What to do ->
In your copy of the data, keep every word exact and include no pictures.

Given information ->
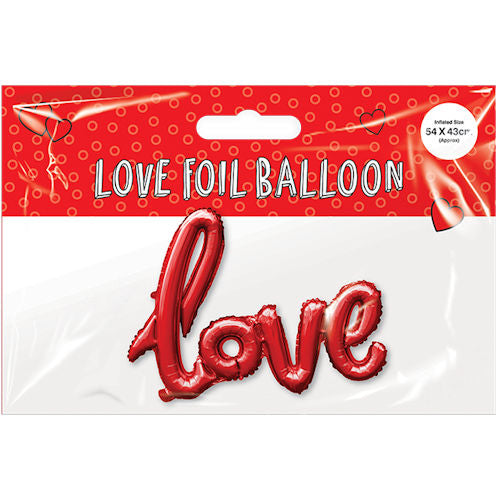 Valentines Day Love Foil Balloon
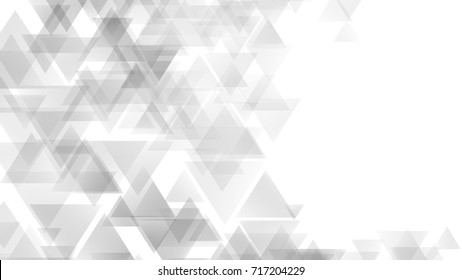 Abstract Modern Blurs Geometric Triangles White and Gray Vector Backgrounds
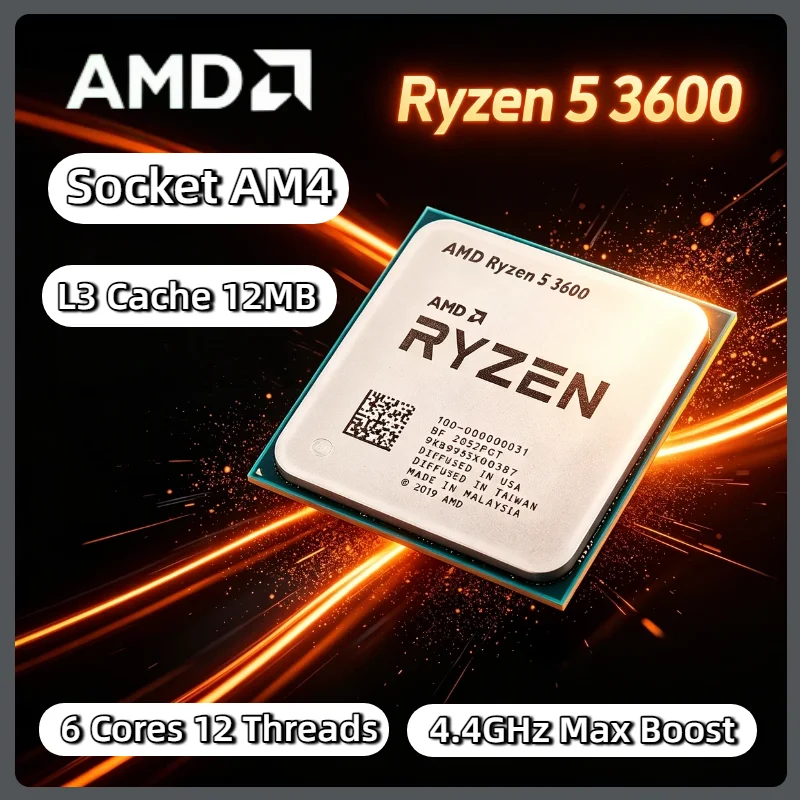 AMD Ryzen 5 3600 R5 3600 CPU 6 Core 12 Thread 4.2GHz Unlocked Desktop Processor Socket AM4 Gaming CPU Tray No Fan
AMD Ryzen 5 3600 R5 3600 CPU 6 Core 12 Thread 4.2GHz Unlocked Desktop Processor Socket AM4 Gaming CPU Tray No Fan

Output below ->
 Valentines Day Love Foil Balloon
 Abstract Modern Blurs Geometric Triangles White and Gray Vector Backgrounds
 AMD Ryzen 5 3600 R5 3600 CPU 6 Core 12 Thread 4.2GHz Unlocked Desktop Processor Socket AM4 Gaming CPU Tray No Fan
AMD Ryzen 5 3600 R5 3600 CPU 6 Core 12 Thread 4.2GHz Unlocked Desktop Processor Socket AM4 Gaming CPU Tray No Fan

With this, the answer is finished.